Monarch of the Falling Sky
- Vinayak Mahajan

- Apr 9
- 3 min read
Updated: May 10

“My hands started vanishing under a cover of snow, losing all feeling as I spent an hour trying to get a clear eye shot of this moose.”
Sixty centimetres of snow had buried the Icefields Parkway by the time my wife and I reached Jasper, and the highway behind us was sealed shut. There was no turning back. For 5 hours, we had driven with the storm, only forward, deeper into the white.
All the hiking trails across the park had been swallowed whole, buried under the storm. After driving the whole day through the whiteout, we needed to feel the ground and get some fresh air so we parked by Maligne Lake and stepped out for a short walk.
A few steps into the unclear trail lost in snow, we spotted a bull moose - massive and unhurried. A charcoal-dark towering giant against the birch and spruce backdrop, shouldering through the shrubs. I dropped to the ground with my camera while my wife pressed behind a bush and we both collapsed into stillness. He gave us a brief assessment to ensure we were no threat and then simply returned to foraging. The overnight snow would bury the last of the forage by the morning and he knew it well from experience.
Our breath came in shallow pulls, the cold wet enough that each inhale carried the taste of ice and pine resin. The storm had compressed the forest to a frequency just below silence. The only other smell cutting through the sterile, frozen air was the pungent, musky scent of the bull’s bell, soaked in rutting urine. It came in phases and passed.
The lodge behind us had dropped from nearly full to barely ten percent occupancy due to the storm, which meant it was just us, the moose, the forest and the storm.

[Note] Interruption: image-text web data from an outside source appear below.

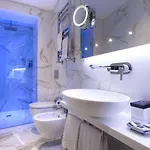 Spadai
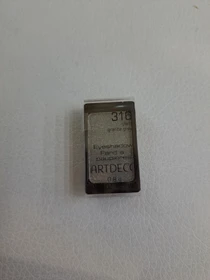Artdeco Eyeshadow Glam 316 glam granite grey, 0.8g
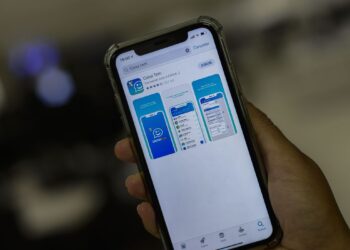 Auxílio emergencial é liberado hoje para 5 milhões de beneficiários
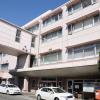 社会医療法人刀仁会 坂戸中央病院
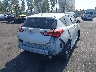 JTNKARJE5JJ****** Destrozados 2018 Toyota Corolla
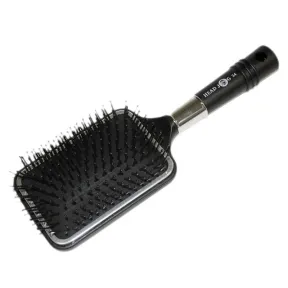 Head Jog 34 Large Paddle Brush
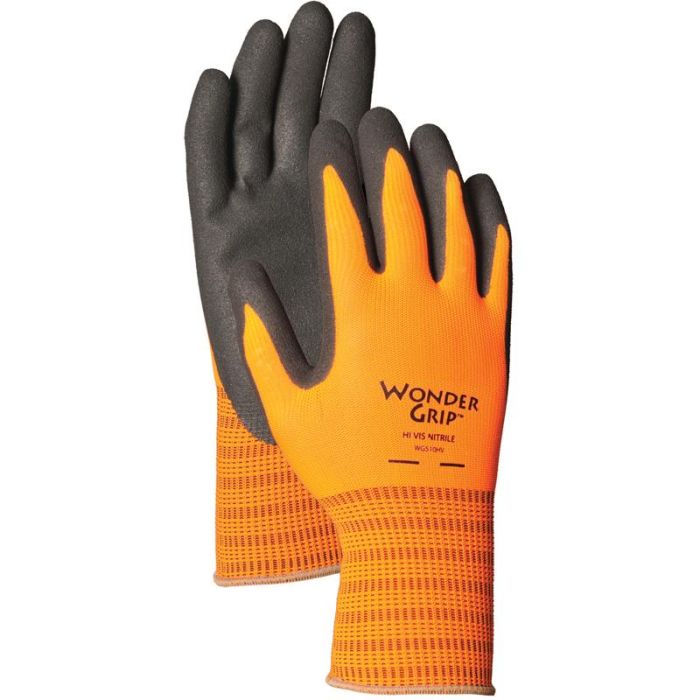Wondergrip Extra Tough-xlg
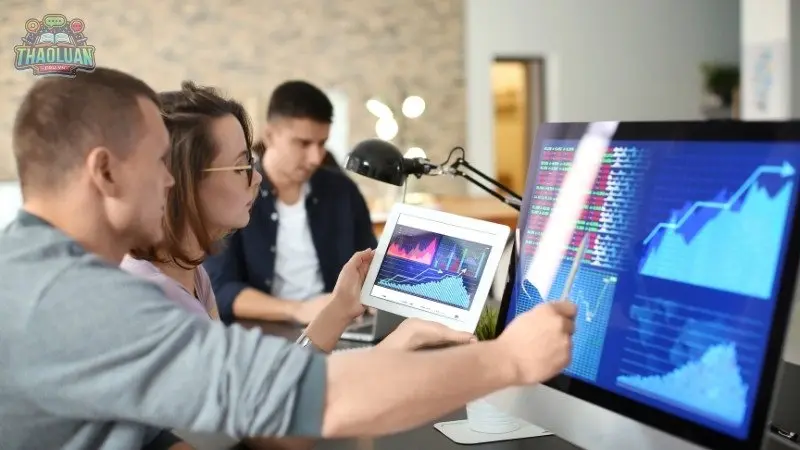 Lợi ích và rủi ro trong đầu tư ngoại hối 2 Lợi ích và rủi ro trong đầu tư ngoại hối 2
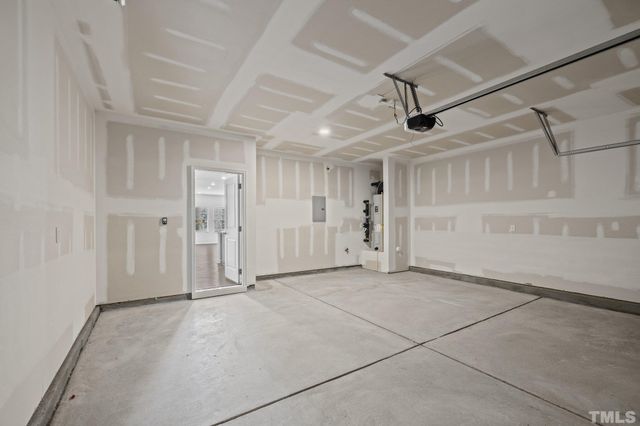 5106 Anamosa Street, Raleigh, NC 27610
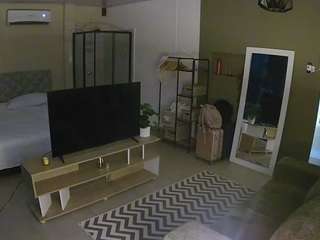 voyeurcam-jb-dining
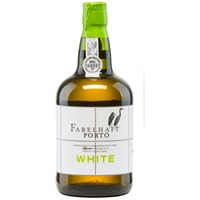 Fabelhaft White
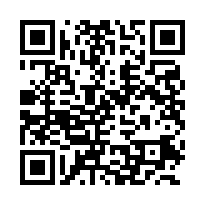 QR Code for litecoin:LLAAC9gydUE9rgkavWamwmiTNrMHL1Tmbc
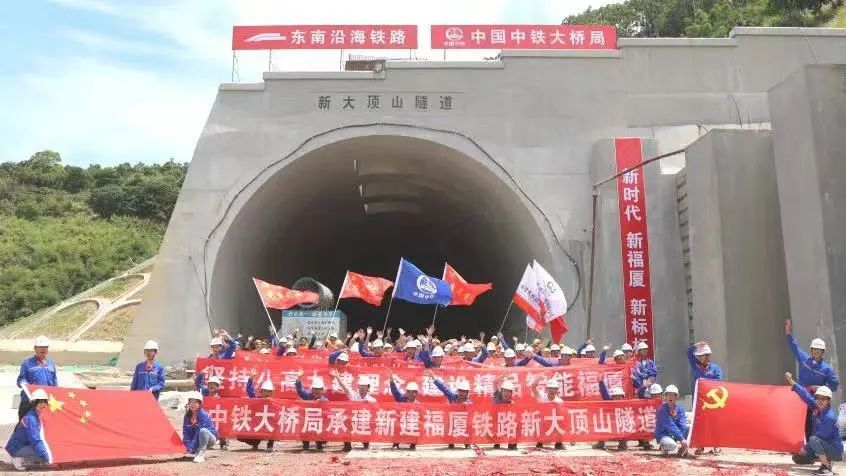 微信图片_20231007092735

My hands started vanishing under a cover of snow, losing all feeling as I spent an hour trying to get a clear shot of the moose. For an hour he grazed, acknowledging us maybe 2-3 times and I hit the camera shutter every time he looked at us. But through the 500mm lens, snowflakes fell constantly into the space between us, drifting across the focal plane, concealing his eyes the moment I thought I had captured them. I finally gave up on the eye contact shot and reached into my jacket for the 70mm lens to capture the whole scene. The forest, the snow, the scale of the world he moved through so effortlessly and of course the heavy snowfall curtaining it all. As I reached into my jacket, the zipper made a sound. Small and metallic but, in that silence, loud enough to alert the moose.
His head came up. He turned and began walking toward us through the trees, not with aggression, but with the quiet deliberateness of an animal that simply needed to know. I never got the 70mm out. I raised the 500mm lens and slowly began to rise, struggling to regain the feeling in my legs. One careful step back. Then another. Four frames fired as I started to feel my legs, with my wife ensuring we were at a safe distance which was difficult for me looking through the big lens.
He stopped. Held us in his gaze for a moment that felt much longer than it was. Then dropped his head and went back to foraging.
When I finally pulled up the photos on my computer, I wasn't expecting much, I'd been mid-retreat, half-rising with snow webbing my lens. But there they were. His eyes, sharp and steady through the falling white, looking directly into mine. A frame made on the lens I had abandoned, in the moment I had stopped trying to frame it, and while I was walking away after spending over an hour in the cold!